ASIC should make short selling more attractive by introducing further exemptions to the current regulations, according to the Australian Securities Lending Association (ASLA).
The domestic market has been losing out on revenues from short-selling transactions, as flows have disappeared to less stringent markets in Asia.
"We have seen a drop off in the demand since the ban on short selling in 2008 and that has not necessarily recovered," ASLA chairman Peter Martin said.
ASLA would like to see exemptions to the liquidity test for stocks.
"At the moment, if someone wants to initiate a short position the same requirements apply to a highly liquid name like BHP, which is 15 per cent of the index, as to a small cap, a really illiquid name," Martin said.

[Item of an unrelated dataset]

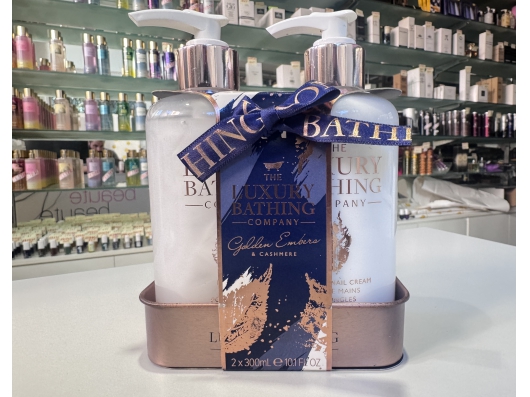 Zoom στο THE LUXURY BATHING COMPANY GOLDEN EMBERS & CASHMERE HAND WASH 300ml & HAND and NAIL CREAM 300ml (GIFT SET)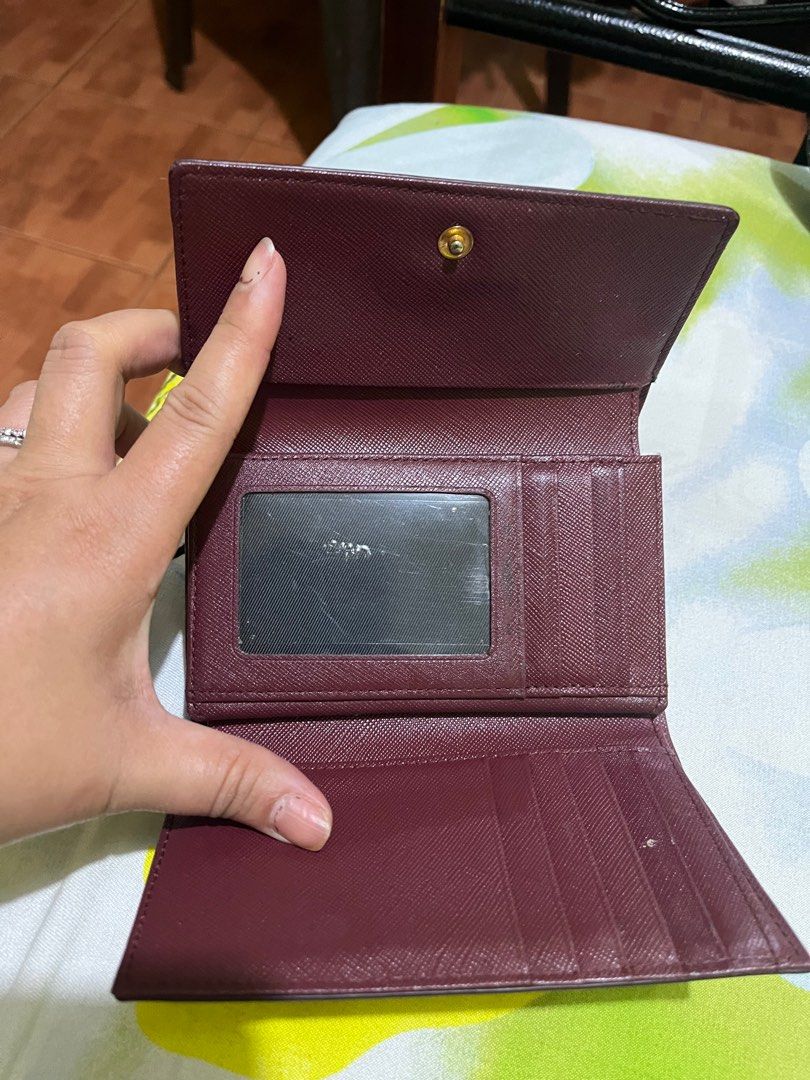 Polo (Category: Luxury Bags & Wallets) located in Pasig City. Submitted by pie.reyes87 (Listing ID 1371425961, Image 3). Description: Polo wallet used like new No flaws.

"That is something we would like to see an exemption for to encourage the business back into the Australian market."
ASIC lifted the ban on short selling of financial stocks, the last securities for which the ban was still in place, in May 2009.
But since then volumes have remained relatively low, and as a result fund managers have missed out on revenues they used to get from lending out their shares.
"The supply is not the issue - the borrowing demand is low," Martin said.
Overly stringent legislation surrounding securities lending is an important contributor to the low demand, Martin said.
"Australia is not on the same level playing field as the rest of Asia," he said. "Hong Kong, for example, is a market that has benefited because it had less regulatory intervention."
"We don't want Australia to be seen as too hard of a market to transact in," Martin said.